Wagetap is a profitable, 15-person startup on a mission to elevate people’s finances.
Today, over 50% of Australians live paycheck to paycheck without access to savings to smooth out the inevitable bumps life throws at us. Millions turn to unsustainable short-term solutions like payday loans, consumer credit, and credit cards just to get by.
Wagetap gives people early access to up to $2,000 of their wages, helping them avoid debt cycles and regain control of their finances.

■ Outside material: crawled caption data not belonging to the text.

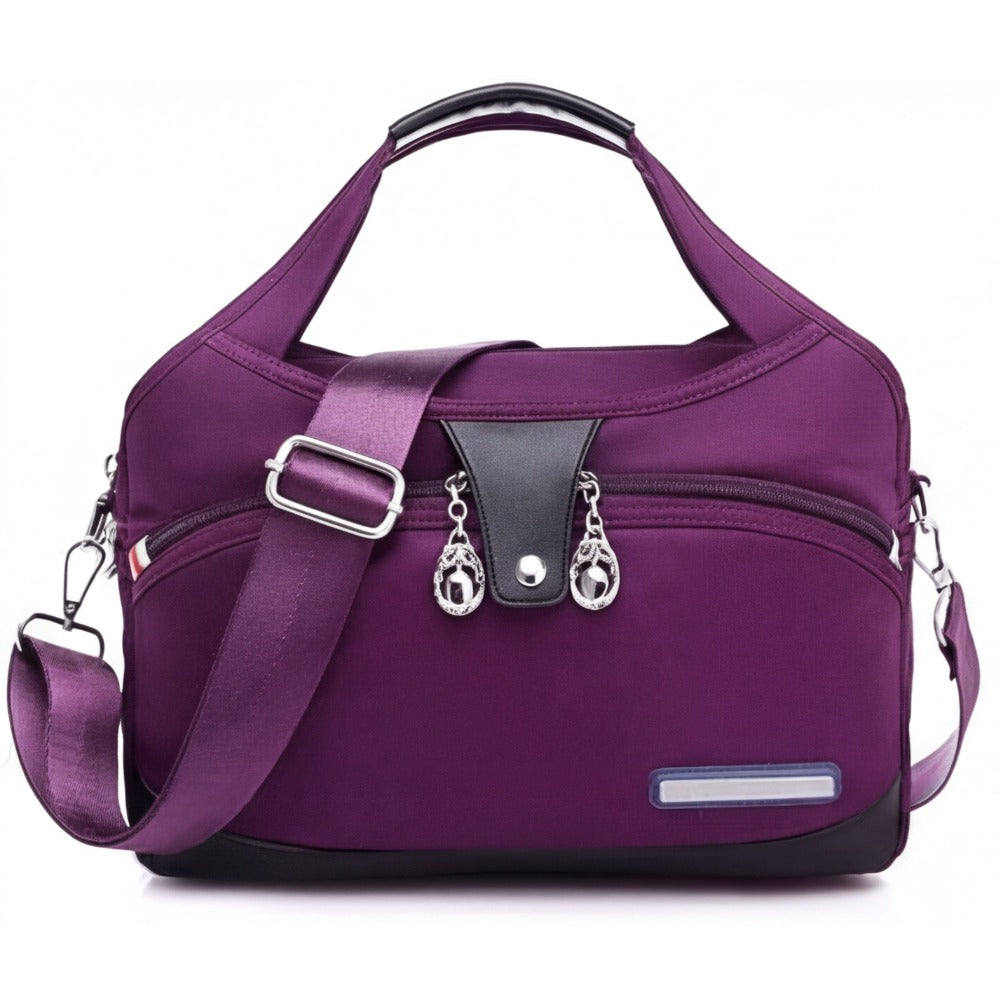 Women's Crossbody Shoulder Handbag with Multi-Zip Compartments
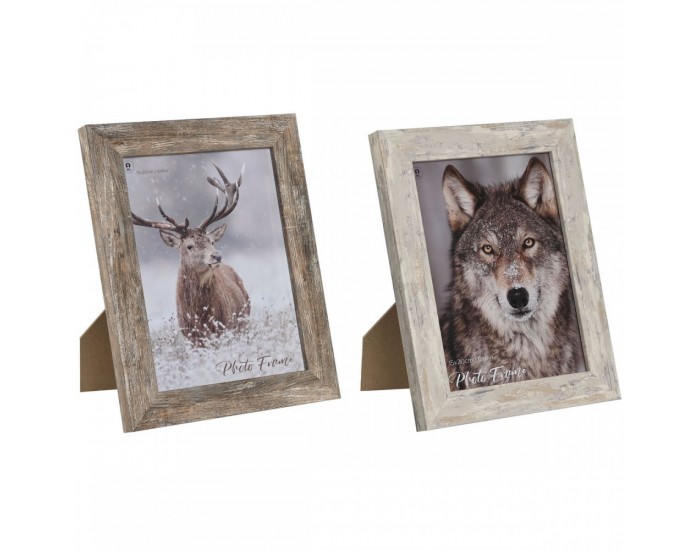 Рамка за снимки Home ESPRIT Бял Естествен Кристал полистирен Скандинавски 19,5 x 2 x 24,5 cm (2 броя)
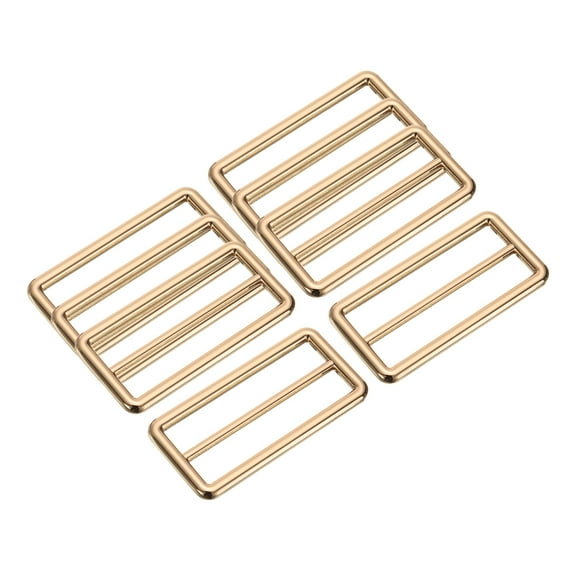 8PCS Zinc Alloy Slide Adjustable Buckle 2" Adjuster Webbing Strap Slider for Belt Backpack Replacement Light Gold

We’ve lent over $1B to Australians, supported 250,000+ customers across 3.5M loans, and maintain a 4.9 rating on the App Store. The business is real, the product is live, and the next phase is about scaling globally without breaking what already works.
The Role
As a Senior Data Scientist, you’ll work on the systems that directly determine how we lend — who we lend to, how much, and how we manage risk. This is a highly applied role. You’ll be improving credit models, running experiments, and investigating real-world behaviour - not working on theoretical problems. Data Scientists at Wagetap enjoy tackling a wide variety of problems with high impact - from revenue, risk, to our ability to expand into new markets.
What you’ll do
- Build, improve, and extend credit and behavioural models
- Design and run experiments to optimise model performance and customer outcomes
- Investigate anomalies in customer behaviour, repayment patterns, and fraud
- Work closely with engineering to productionise and monitor models
- Contribute to business insights, forecasting, and decision-making
What we’re looking for
- Strong experience applying data science to real-world problems (likely 5+ years)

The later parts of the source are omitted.